According to estimates, more than 550 people have been killed since the protests began on September 16, most of them young people and children. Civil war-like scenes are taking place in the Kurdish areas in the north-west of the country. In mid-November, security forces marched into the Kurdish city of Mahabad with tanks and shot at demonstrators indiscriminately. Despite the restricted internet in Iran, new videos are appearing on social networks every day, documenting the Iranian police’s barbaric outbreaks of violence against their own people. According to human rights activists, at least 18,000 demonstrators have already been arrested.
Solidarity with the protests also reached the men’s soccer World Cup in Qatar. In the opening game against England on November 21, the Iranians remained silent over their national anthem. As a consequence of the players’ open support, the Iranian Revolutionary Guard threatened the national team with “violence and torture” against their families if they did not sing the national anthem. Numerous other cases prove that the regime does not stop at famous athletes, artists and actors. Anyone who joins the revolution will be punished.
On December 8, the regime shocked the world with the execution of 23-year-old rap musician Mohsen Shekari. It was the first execution linked to the demonstrations in Iran. A few days later, Majidreza Rahnavard, also 23, was publicly hanged in the city of Mashhad in the northeast of the country. Both were accused of “waging war against God”. In Rahnavard’s case, it was reported that only 26 days elapsed between his arrest and his killing. He didn’t have legal counsel.
The killing of the two young men caused horror at home and abroad. But they probably won’t be the only ones. At least 23 other demonstrators have been sentenced to death by the Iranian judiciary, and the number is growing every day. Federal Foreign Minister Annalena Baerbock describes the executions as an attempt at intimidation. “The weaker the regime is, the more violent they are against the demonstrators,” human rights activist Ebadi told the Süddeutsche Zeitung.
Because of the serious human rights violations, the EU has imposed sanctions on those responsible in the country, affecting around 20 people and one organization. Sanctions against Iran for supporting Russia’s war against Ukraine have already been approved. For many Iranian women in exile, this is an important first step. But it is not enough to provide concrete help to the people there.

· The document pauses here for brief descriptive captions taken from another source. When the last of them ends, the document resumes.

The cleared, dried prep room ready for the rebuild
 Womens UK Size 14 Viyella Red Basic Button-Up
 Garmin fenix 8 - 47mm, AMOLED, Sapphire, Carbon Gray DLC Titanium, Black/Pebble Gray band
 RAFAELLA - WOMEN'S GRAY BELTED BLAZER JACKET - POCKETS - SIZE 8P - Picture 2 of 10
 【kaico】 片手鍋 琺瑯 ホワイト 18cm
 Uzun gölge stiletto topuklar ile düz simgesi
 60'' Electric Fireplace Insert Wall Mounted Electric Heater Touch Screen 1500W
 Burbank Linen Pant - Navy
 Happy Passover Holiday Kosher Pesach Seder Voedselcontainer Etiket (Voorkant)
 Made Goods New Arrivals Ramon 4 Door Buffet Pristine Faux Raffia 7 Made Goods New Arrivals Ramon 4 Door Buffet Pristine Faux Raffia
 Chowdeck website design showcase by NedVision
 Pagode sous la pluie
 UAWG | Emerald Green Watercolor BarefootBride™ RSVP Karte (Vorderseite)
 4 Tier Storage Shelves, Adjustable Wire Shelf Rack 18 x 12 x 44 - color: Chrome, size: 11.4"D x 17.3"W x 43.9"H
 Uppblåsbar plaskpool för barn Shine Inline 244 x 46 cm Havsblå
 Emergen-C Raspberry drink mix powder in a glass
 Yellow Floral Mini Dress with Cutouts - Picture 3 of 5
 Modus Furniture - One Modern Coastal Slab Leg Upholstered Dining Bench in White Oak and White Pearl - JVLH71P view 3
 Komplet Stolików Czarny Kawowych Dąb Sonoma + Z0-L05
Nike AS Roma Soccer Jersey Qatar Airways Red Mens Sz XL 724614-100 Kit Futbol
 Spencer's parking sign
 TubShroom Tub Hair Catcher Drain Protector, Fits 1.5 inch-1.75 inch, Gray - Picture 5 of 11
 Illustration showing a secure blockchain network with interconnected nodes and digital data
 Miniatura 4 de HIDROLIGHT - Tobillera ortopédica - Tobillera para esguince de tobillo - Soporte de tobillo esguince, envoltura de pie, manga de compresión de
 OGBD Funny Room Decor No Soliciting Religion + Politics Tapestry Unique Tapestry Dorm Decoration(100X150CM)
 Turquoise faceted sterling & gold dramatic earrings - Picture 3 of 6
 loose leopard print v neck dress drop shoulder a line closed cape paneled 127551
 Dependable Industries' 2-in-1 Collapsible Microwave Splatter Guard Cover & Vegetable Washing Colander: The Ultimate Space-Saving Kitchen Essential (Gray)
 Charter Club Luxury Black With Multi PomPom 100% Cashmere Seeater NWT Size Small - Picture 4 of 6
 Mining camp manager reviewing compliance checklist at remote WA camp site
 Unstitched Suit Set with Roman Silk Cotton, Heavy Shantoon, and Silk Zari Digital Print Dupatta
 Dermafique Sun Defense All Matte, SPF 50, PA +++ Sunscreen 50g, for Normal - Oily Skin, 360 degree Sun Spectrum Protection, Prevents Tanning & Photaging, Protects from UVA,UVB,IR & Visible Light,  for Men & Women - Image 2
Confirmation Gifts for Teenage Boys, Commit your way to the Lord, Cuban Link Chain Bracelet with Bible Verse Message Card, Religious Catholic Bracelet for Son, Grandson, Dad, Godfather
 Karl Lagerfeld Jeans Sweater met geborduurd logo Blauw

It is not only men who are killed by police in executions or live ammunition. On December 18, the “New York Times” reported on a 14-year-old woman who was so severely raped in prison that she died as a result. She had taken off her headscarf at school, was identified with cameras and arrested. Her mother, who wanted to publicize the case, has since disappeared.
Despite these atrocities, human rights activist Düzen Tekkal believes and hopes the protests will continue. “The demonstrators will not stop and are willing to make sacrifices and die. Because what they are fighting for is bigger than themselves.” But for how long that also depends on Europe and the liberal West. “What the people in Iran want is that we look and that we act. They want us to see the regime for what it is – an unjust regime.”
What Iran’s history shows is that women’s rights that have been fought for over years are no guarantee of eternal freedom. Laws can change and women can never be sure of their rights – not even in the West. For the Iranians there can only be one solution next year: the end of the mullahs’ regime after almost 44 years.